A “captive” is an insurance company created to insure the risks of its owner(s). Captives are a form of self-insurance established to meet the risk management needs of the owners or members. Group captives or risk retention groups insure the risks of unrelated entities.
Captives are formed to cover a wide range of risks, including most casualty exposure, property, terrorism, cyber, and even international employee benefits. Risks can be first party or third party, and companies are becoming more creative in how they utilize their captive programs.
The types of entities forming captives include the vast majority of Fortune 500 companies, all the way down to nonprofit organizations. Captive utilization spans most market sectors including automotive, telecoms, technology, retail, manufacturing, healthcare, pharma, oil and gas and even TNCs.
The benefits of forming a captive include flexibility for tailored coverage (hard to insure or emerging risks), insulation to the insurance market cycle, financial incentives in loss control, niche business risk knowledge, flexibility in managing risk, creative insurance solutions, cost allocations to business units, and consolidation of risk management.
Once established, the captive operates like a commercial insurance company and is subject to state regulatory requirements (albeit less onerous ones than the traditional market), including financial reporting, capital/ solvency support, and reserve adequacy including an annual actuarial opinion.
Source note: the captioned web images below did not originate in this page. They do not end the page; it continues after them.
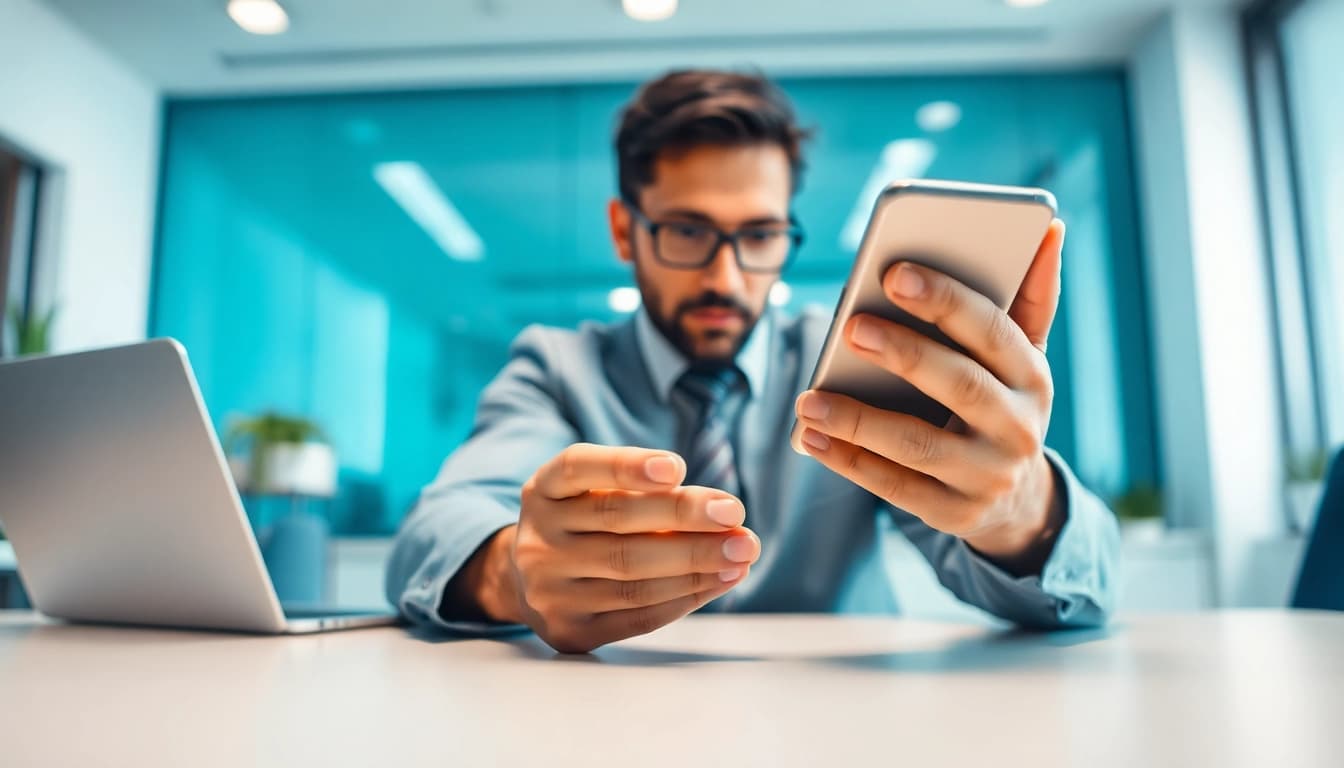 Cash Phone Buyer assessing a smartphone in a modern office.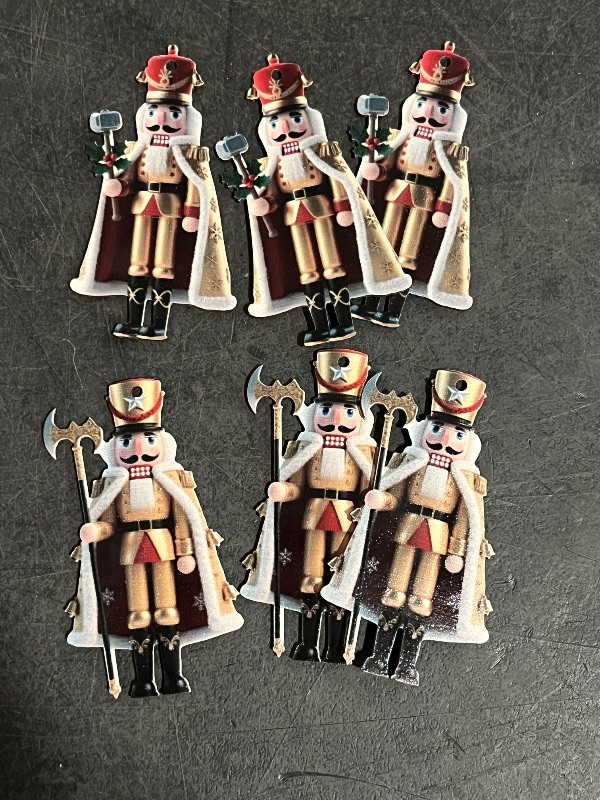 View 4 of 36PCS Christmas Wooden Ornaments Gold Nutcrackers - 12 Unique Patterns with Hemp Rope | Xmas Tree, Home & Garden Decor
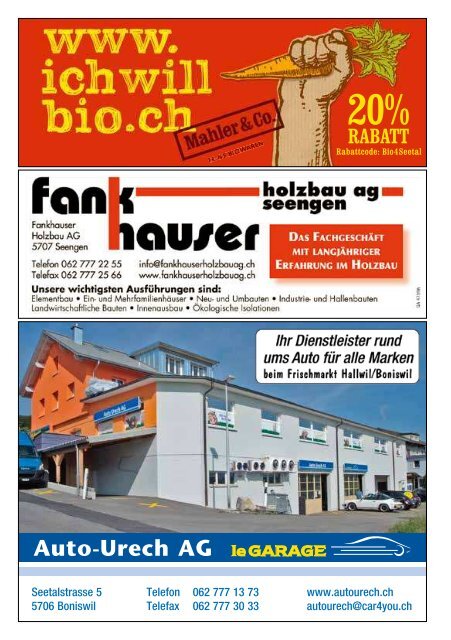 Das offizielle Monatsmagazin für Boniswil 08 / 2012 Das offizielle ...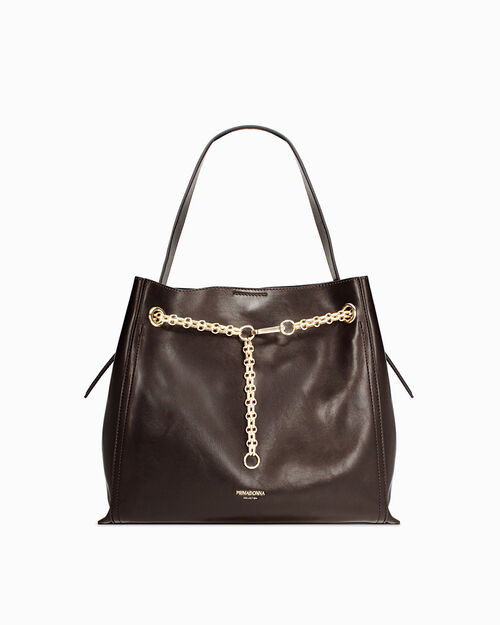 Bolso de mano marr&oacute;n oscuro con cadena dorada, DK BROWN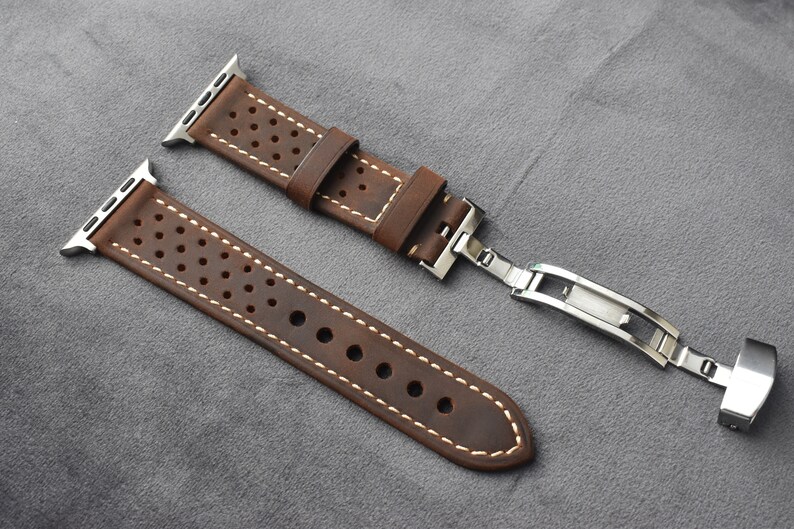 Premium Leather Apple Watch Band Strap Butterfly Clasp Etsy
At the outset of 2020, risk professionals who were trying to purchase or renew insurance policies had to navigate an increasingly hardening insurance market characterized by higher rates in almost all lines. The coronavirus pandemic and natural catastrophe losses have only made matters worse.
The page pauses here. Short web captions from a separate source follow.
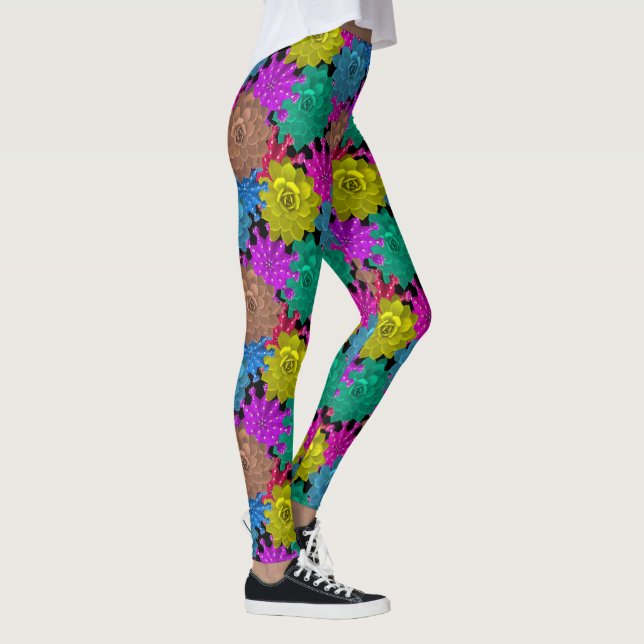 Bright Floral Design Yoga Pants Leggings (Right)
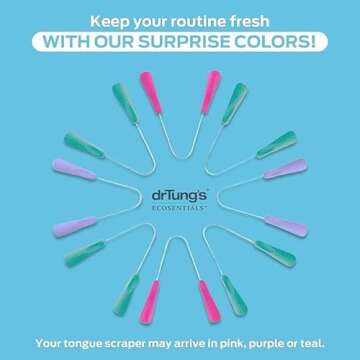 DrTung’s Stainless Tongue Scraper - Tongue Cleaner for Adults, Kids, Helps Freshens Breath, Easy to Use Comfort Grip Handle, Comes with Fabric Travel Pouch - Stainless Steel Tongue Scrapers, (1 Count)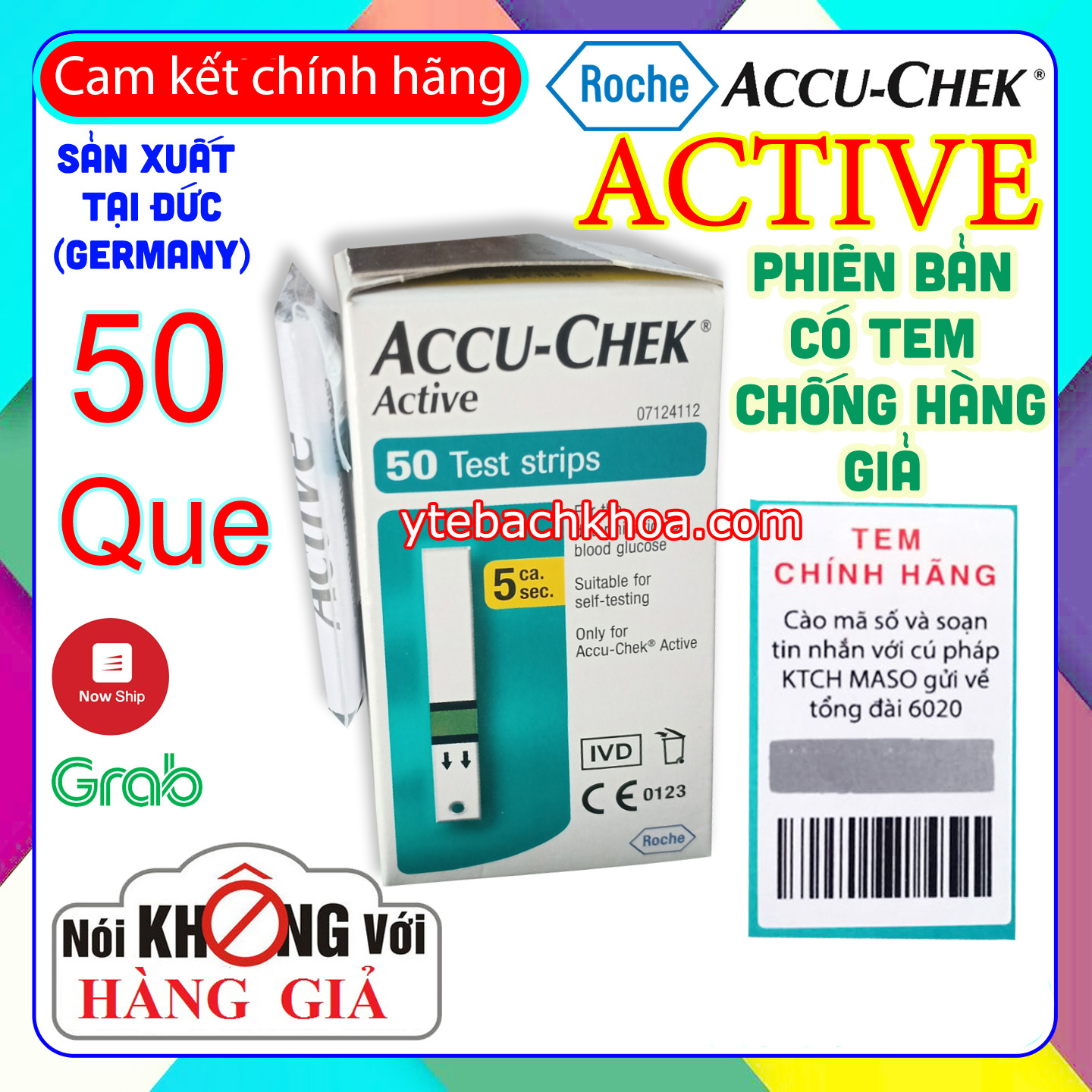 Que Thử Đường Huyết Accu-Chek Active (50 que)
Captive insurance companies came into existence because of difficult markets, like what we’re experiencing right now. They offer companies greater flexibility and options in a hard insurance market.
Captives have helped support parents during the COVID-19 crisis by providing them needed cash through dividends. In addition, domiciles have supported some captives entering into intercompany investments as another way to get capital to parents.